Mas ela não joga a toalha, não! Nunca deixou de viajar por medo. A baiana mantém claro na mente que vale a pena chegar ao destino, a qualquer custo. Ter essa meta estabelecida a ajuda a enfrentar o medo. E enquanto está lá em cima, busca refúgio na literatura. Ela conta que gosta de levar, na bagagem de mão, livros que sejam tão interessantes que a façam esquecer que está longe do chão. Quando voa com a filha, a escritora afirma que sempre tenta disfarçar o medo. Mas, uma vez, pousando em São Paulo, o avião não conseguiu descer por conta do mau tempo na região do aeroporto de Congonhas. “Daí ficamos rodando um tempo no ar e ela notou que eu estava nervosa. Minha filha perguntou o que estava acontecendo e eu disse que tinha medo de altura. Mas, sim, sempre me esforço muito para não passar esse medo pra ela. Nem esse, nem nenhum outro”, ressalta a psicanalista.
Mas a estratégia de Nathalia (que finge a topada no dedo do pé) e a de Cláudia não são 100% infalíveis. Segundo Rogério, as filhas e filhos pequenos podem ser capazes de sentir as coisas “no ar”. “Muitas vezes as crianças acabam assumindo e refletindo toda a angustia e ansiedade da mãe e passam a desenvolver também a fobia, sem entender o motivo”, explica o terapeuta. O que fazer frente a isso? Terapia pode ser uma boa solução. Tudo para evitar situações extremas, como casais que viajam em voos diferentes de seus pares e filhos (e fatos como esse acontecem mesmo, afirma o terapeuta), tudo para evitar que, em caso de acidente, os filhos fiquem órfãos. “Pensem só na logística de passar as férias desse jeito, na qual uma parte da família sai em um voo, outra sai em outro, em outro dia… Isso tudo gera um estresse muito grande não só em quem sofre com medo de voar mas também na família toda”, afirma.

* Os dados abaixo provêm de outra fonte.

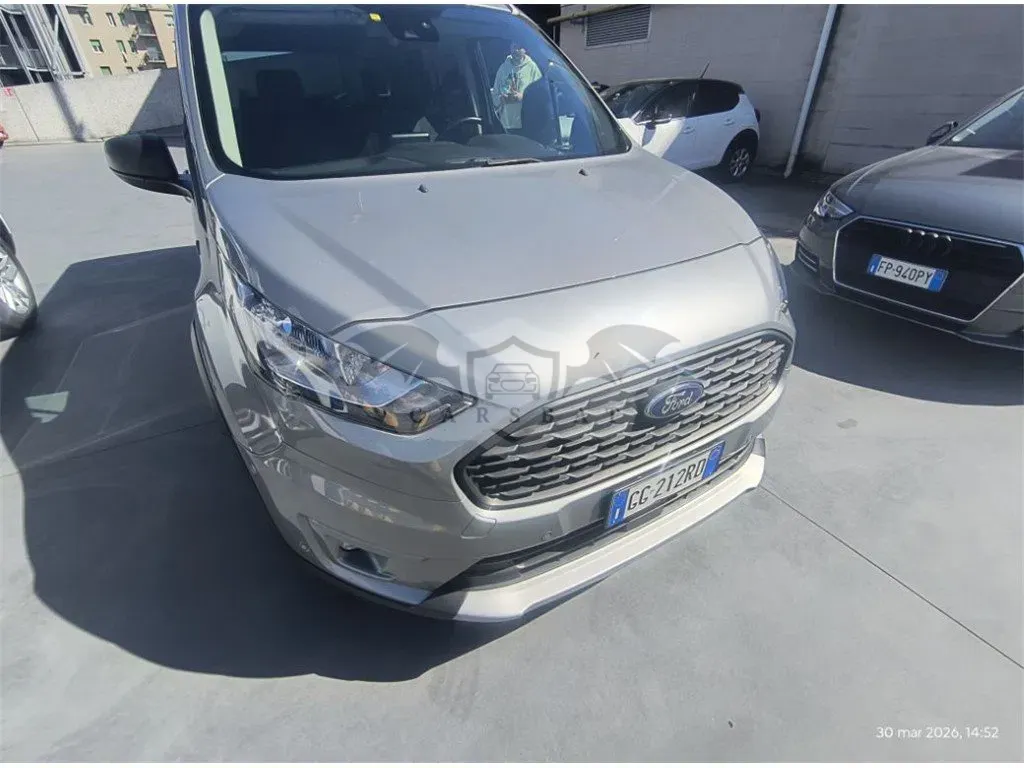 Ford Tourneo Custom 1.5 EcoBlue 2021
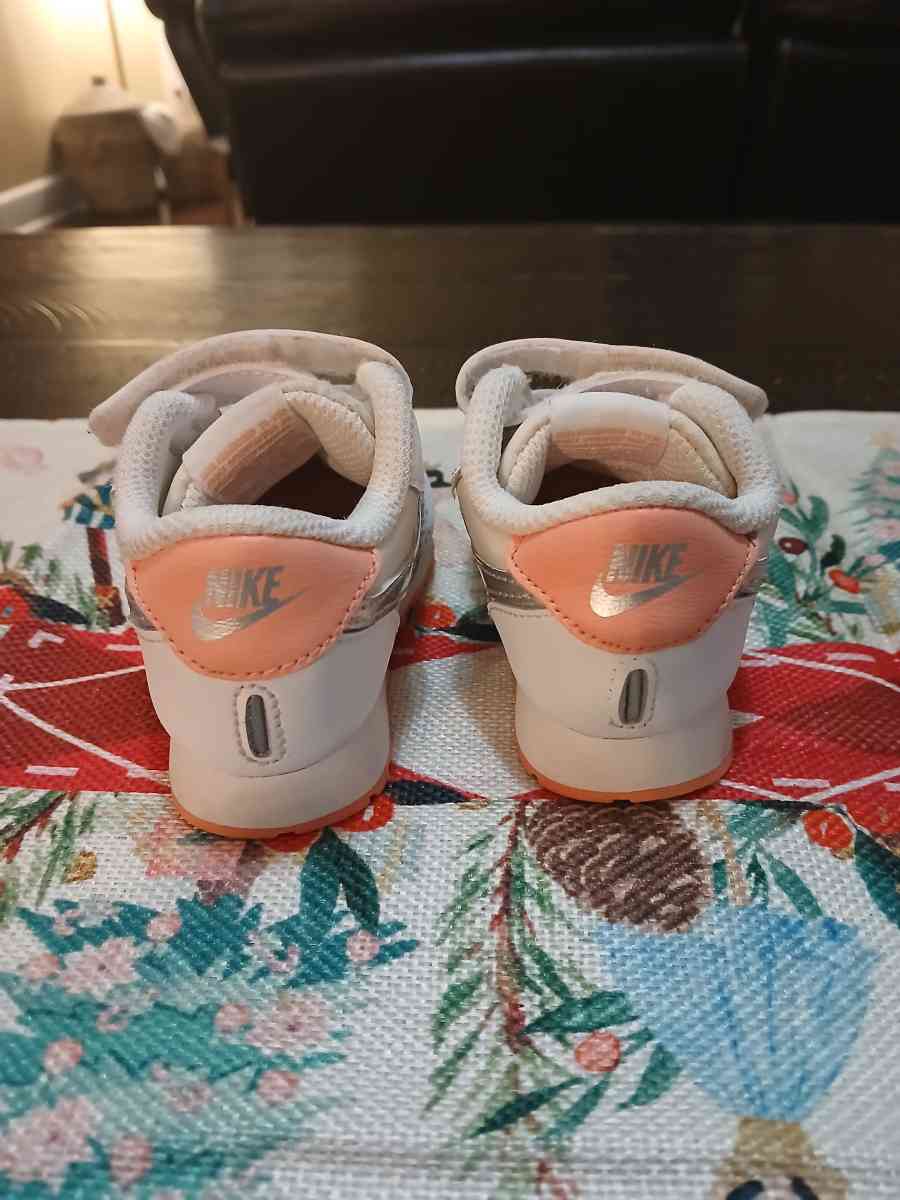 Baby shoes Nike size 4C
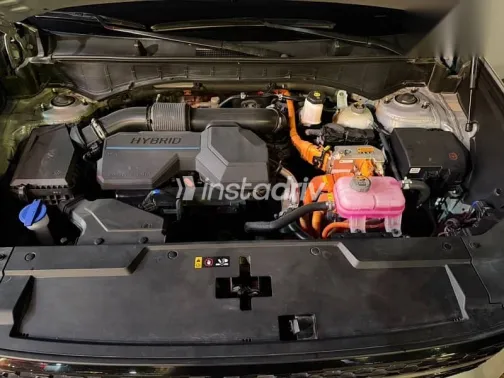 هيونداي سانتامو 2025 فضي مستعملة للبيع - 4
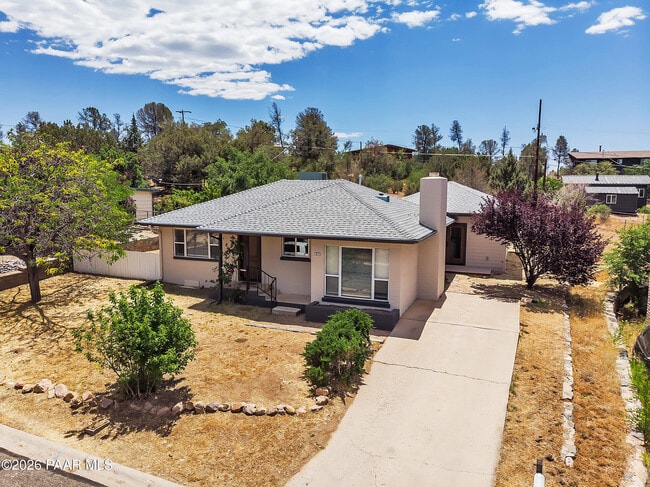 Building Photo - 821 Prescott Heights Dr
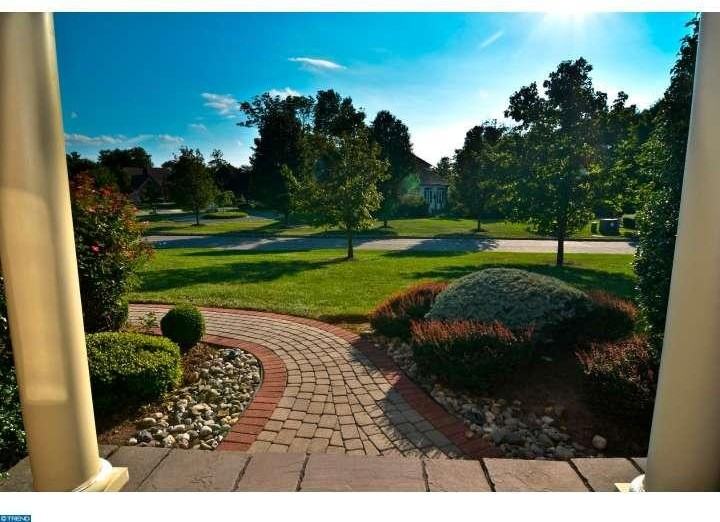 1140 Pileggi Ct - Photo 3 of 25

Muitas vezes a pessoa que sofre com a fobia, continua Rogério, vê as férias como um problema, passa mal antes de embarcar e o sofrimento não acaba quando chega ao destino, pois já sofre com antecedência com a ideia da volta. Acaba, dessa forma, não aproveitando os momentos de lazer e felicidade com a família.
E vamos combinar, sair de férias com crianças já é cansativo. Se for com sofrimento, então… A dica amiga do rivotravel é: busque ajuda profissional com uma psicóloga ou psicólogo. E se nada der certo, um remedinho (com prescrição médica, por favor, já escrevemos sobre isso aqui no site) pode ser a solução. Afinal, até as super-heroínas têm fontes de onde retiram energia. E coragem.